> _DATASET RECORDS_:
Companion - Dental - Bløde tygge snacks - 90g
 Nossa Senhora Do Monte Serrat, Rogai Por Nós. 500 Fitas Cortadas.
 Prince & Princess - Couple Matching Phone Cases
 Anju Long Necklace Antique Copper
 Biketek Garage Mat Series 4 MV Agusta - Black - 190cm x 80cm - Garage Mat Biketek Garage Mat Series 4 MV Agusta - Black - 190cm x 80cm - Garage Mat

> _INSTRUCTIONS FOR THE TASK_:
A verbatim copy of every record is what you should return.

> _ANSWER FOR THIS EXERCISE_:
Companion - Dental - Bløde tygge snacks - 90g
 Nossa Senhora Do Monte Serrat, Rogai Por Nós. 500 Fitas Cortadas.
 Prince & Princess - Couple Matching Phone Cases
 Anju Long Necklace Antique Copper
 Biketek Garage Mat Series 4 MV Agusta - Black - 190cm x 80cm - Garage Mat Biketek Garage Mat Series 4 MV Agusta - Black - 190cm x 80cm - Garage Mat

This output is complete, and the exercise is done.